Mechanical instrumentation, such as scaling and root planning, is an effective method for removing supra and subgingival bacterial biofilm on tooth surfaces, as well as reducing probing depths. It also creates noticeable changes in the subgingival bacteria to sustain a microflora indicative of periodontal health. It does not eliminate all of the periodontal pathogens, due to a number of factors.
Up to 30% of the total surface area of treated roots can be covered with residual calculus following subgingival scaling and the bacterial re-colonization of the root surface by pathogenic bacteria may lead to periodontal disease recurrence.(1)This is one reason the use of adjunctive antibiotics and antimicrobials have been tested and reported in the literature.
Chlorhexidine is available in three forms: the digluconate, acetate and hydrochloride salts. Most oral formulations use the digluconate salt that is water-soluble, while hydrochloride is very sparingly soluble in water. A study conducted in Italy was a preliminary case series with a small sample size and short follow–up.(3)
The objective of the case series was to evaluate the clinical and microbiological effects of a single session of mechanical and manual scaling and root planing (SRP) combined with the use of two different chlorhexidine formulations in the treatment for generalized chronic periodontitis. Ten patients with chronic periodontal disease and periodontal probing depth (PPD) ≥ 5 mm were treated with SRP plus local chlorhexidine. In each patient, similar teeth, treated with SRP with the adjunctive use of chlorhexidine digluconate and dihydrochloride or chlorhexidine gluconate, respectively, were selected and assigned to a test and a control group.
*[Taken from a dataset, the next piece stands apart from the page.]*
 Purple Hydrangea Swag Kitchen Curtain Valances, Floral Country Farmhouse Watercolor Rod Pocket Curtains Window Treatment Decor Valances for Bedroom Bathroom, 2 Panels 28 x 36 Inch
In both groups, PPD, bleeding on probing (BOP) parameters, total bacterial counts (TBC) and quality of periodontal bacteria at time 0 and 6 weeks after treatment were measured.
The results showed that PPD significantly decreased over time both in the test and in the control group. There were no significant differences observed between the two groups. BOP and TBC were significantly lower in the test than in the control group six (6) weeks after treatment. In the post-treatment revaluation, a significant decrease both in the treatment and in the control group, for each of the single periodontal pathogens, was observed.
The authors concluded that while there was a small sample size and short follow-up in this study, it showed that the adjunctive use of chlorhexidine (CHX) to SRP resulted in clinical and microbiological benefits in the treatment of generalized chronic periodontitis. A CHX gel formulation consisting of CHX digluconate and CHX dihydrochloride appeared to lead to additional benefits over SRP plus CHX gluconate in the short term. Additional investigations are needed to evaluate the effectiveness of this antimicrobial therapy.
1. Petersilka GJ, Ehmke B, Flemmig TF. Antimicrobial effects of mechanical debridement. Periodontol 2000 2002; 28: 56–71. Review.
2. Todkar R, Sheikh S, Byakod G, Muglikar S. Efficacy of chlorhexidine mouthrinses with and without alcohol - a clinical study. Oral Health Prev Dent. 2012; 10(3):291-6.
3. Calderini A, Pantaleo G, Rossi A, Gazzolo D, Polizzi E. Adjunctive effect of chlorhexidine antiseptics in mechanical periodontal treatment: first results of a preliminary case series. Int J Dent Hygiene, 11, 2013; 180–185.